# new member activation



## Guest (Jul 11, 2011)

hi, one of my mates registered on saturday and his username is groovesalad . he got an email for activation and after clicking on the link it says it would need to be approved. not sure if been done or still to be done as he cant log in at all.

cheers


----------



## chris27 (Apr 19, 2009)

you might be better putting this in the ask the boss section.


----------



## Guest (Jul 11, 2011)

i have, havent i?


----------



## chris27 (Apr 19, 2009)

sorry mate you have thought it was in gen con lol


----------



## Guest (Jul 11, 2011)

lol no worries mate


----------



## Hera (May 6, 2011)

There were issues with the site on Friday night and Saturday which may have been the cause for the problem, either way though, the username 'groovesalad' doesn't exist on the database so they'll need to register again.

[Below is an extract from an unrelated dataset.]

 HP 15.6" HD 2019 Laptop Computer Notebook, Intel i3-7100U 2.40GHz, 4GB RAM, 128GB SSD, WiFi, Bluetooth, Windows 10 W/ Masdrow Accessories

Sorry


----------



## Uk_mb (Feb 18, 2011)

tell him to pick a new name aswell


----------



## Guest (Jul 11, 2011)

no probs, shall let him know. thanks


----------



## Hera (May 6, 2011)

monsterballs said:


> tell him to pick a new name aswell


Like 'groove*meat*'?

Kryton, anymore probs feel free to private message me...I'm able to respond quite quickly


----------



## The Ultimate Warrior (Dec 20, 2010)

Katy said:


> Like 'groove*meat*'?
> 
> Kryton, anymore probs feel free to private message me...I'm able to respond quite quickly


If he picks groovemeat he will get harrased with sexual jokes, I know because I will be doing the harrasing.


----------



## Guest (Jul 11, 2011)

cheers Katy, much appreciated 

jpaycheck, he's a hippy so says it all really.


----------



## Uk_mb (Feb 18, 2011)

JPaycheck said:


> If he picks groovemeat he will get harrased with sexual jokes, I know because I will be doing the harrasing.


x2

seriously tho, get him to sign up again and we will welcome him to the board


----------